Performance Guide¶

This guide covers performance optimization, profiling, and benchmarking for RustyStats.

Performance Characteristics¶

Complexity Analysis¶

Operation	Complexity	Notes
IRLS iteration	O(np² + p³)	X'WX computation + solve
Single coordinate descent step	O(np)	Update one coefficient
Full CD iteration (all p)	O(np²)	With Gram matrix
Spline basis evaluation	O(n × df × degree)	Per-observation
Target encoding	O(n × n_perms)	With permutations

Typical Performance¶

Dataset	Features	Family	Time (release)
10K rows	20	Poisson	~20ms
100K rows	50	Poisson	~200ms
500K rows	50	Poisson	~800ms
1M rows	100	Gaussian	~2s

Build Optimization¶

Always Use Release Mode¶

# Development (fast compile, slow run)
maturin develop

# Release (slow compile, fast run)
maturin develop --release

Release mode enables: - Optimizations (-O3) - LTO (Link-Time Optimization) - Inlining - SIMD auto-vectorization

Cargo Profile¶

# Cargo.toml
[profile.release]
lto = true
codegen-units = 1
opt-level = 3

Parallelization¶

Rayon Configuration¶

Rayon automatically uses all available cores. Control with:

// Limit threads
rayon::ThreadPoolBuilder::new()
    .num_threads(4)
    .build_global()
    .unwrap();

Or environment variable:

RAYON_NUM_THREADS=4 python script.py

Parallel Patterns¶

Parallel Map¶

let results: Vec<_> = data.par_iter()
    .map(|x| expensive_compute(x))
    .collect();

Parallel Fold-Reduce¶

let sum = (0..n).into_par_iter()
    .fold(|| 0.0, |acc, i| acc + data[i])
    .reduce(|| 0.0, |a, b| a + b);

When to Parallelize¶

Good: Independent computations, large n
Bad: Small n (overhead dominates), sequential dependencies

Rule of thumb: Parallelize when n > 1000.

Memory Optimization¶

Avoid Unnecessary Copies¶

// Bad: clones array
fn process(data: Array1<f64>) { ... }

// Good: borrows
fn process(data: &Array1<f64>) { ... }

// Good: moves ownership when needed
fn consume(data: Array1<f64>) -> Array1<f64> { ... }

Pre-allocate Buffers¶

// Bad: allocates in loop
for iter in 0..max_iter {
    let buffer = Array1::zeros(n);
    // ...
}

// Good: allocate once
let mut buffer = Array1::zeros(n);
for iter in 0..max_iter {
    buffer.fill(0.0);
    // ...
}

Use Views¶

// No copy - just a view
let column = matrix.column(j);
let slice = array.slice(s![10..20]);

Memory Layout¶

ndarray uses row-major by default.

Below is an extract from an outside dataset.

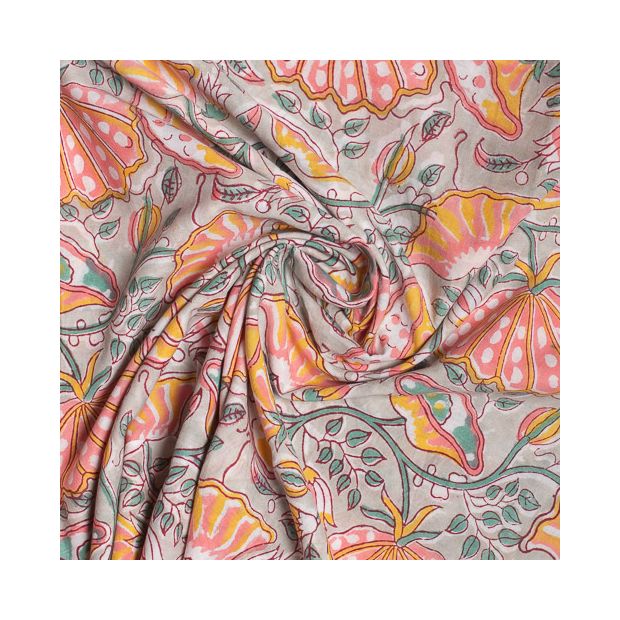 Tissu block print indien Daltia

Access patterns matter:

// Good: row-wise access (contiguous)
for row in matrix.rows() {
    for &val in row.iter() { ... }
}

// Bad: column-wise access (strided)
for col in matrix.columns() {
    for &val in col.iter() { ... }
}

Profiling¶

Rust Profiling¶

Using perf (Linux)¶

# Build with debug symbols
cargo build --release

# Record profile
perf record -g ./target/release/benchmark

# View report
perf report

Using flamegraph¶

# Install
cargo install flamegraph

# Generate
cargo flamegraph --bin benchmark

Using cargo-instruments (macOS)¶

cargo install cargo-instruments
cargo instruments -t "Time Profiler" --release

Python Profiling¶

cProfile¶

import cProfile
import pstats

with cProfile.Profile() as pr:
    result = rs.fit_glm(y, X, family="poisson")

stats = pstats.Stats(pr)
stats.sort_stats('cumulative')
stats.print_stats(10)

line_profiler¶

# Install: pip install line_profiler

@profile
def benchmark():
    result = rs.fit_glm(y, X, family="poisson")
    return result

# Run: kernprof -l -v script.py

Benchmarking¶

Rust Benchmarks¶

// benches/irls.rs
use criterion::{criterion_group, criterion_main, Criterion};

fn bench_irls(c: &mut Criterion) {
    let (y, x) = generate_data(10000, 20);

    c.bench_function("irls_10k_20", |b| {
        b.iter(|| {
            fit_glm(&y, &x, &PoissonFamily, &LogLink, &IRLSConfig::default())
        })
    });
}

criterion_group!(benches, bench_irls);
criterion_main!(benches);

Run with:

cargo bench

Python Benchmarks¶

import time
import numpy as np
import rustystats as rs

def benchmark(n, p, family="poisson", n_runs=10):
    """Benchmark GLM fitting."""
    y = np.random.poisson(5, n).astype(float)
    X = np.column_stack([np.ones(n), np.random.randn(n, p)])

    times = []
    for _ in range(n_runs):
        start = time.perf_counter()
        result = rs.fit_glm(y, X, family=family)
        times.append(time.perf_counter() - start)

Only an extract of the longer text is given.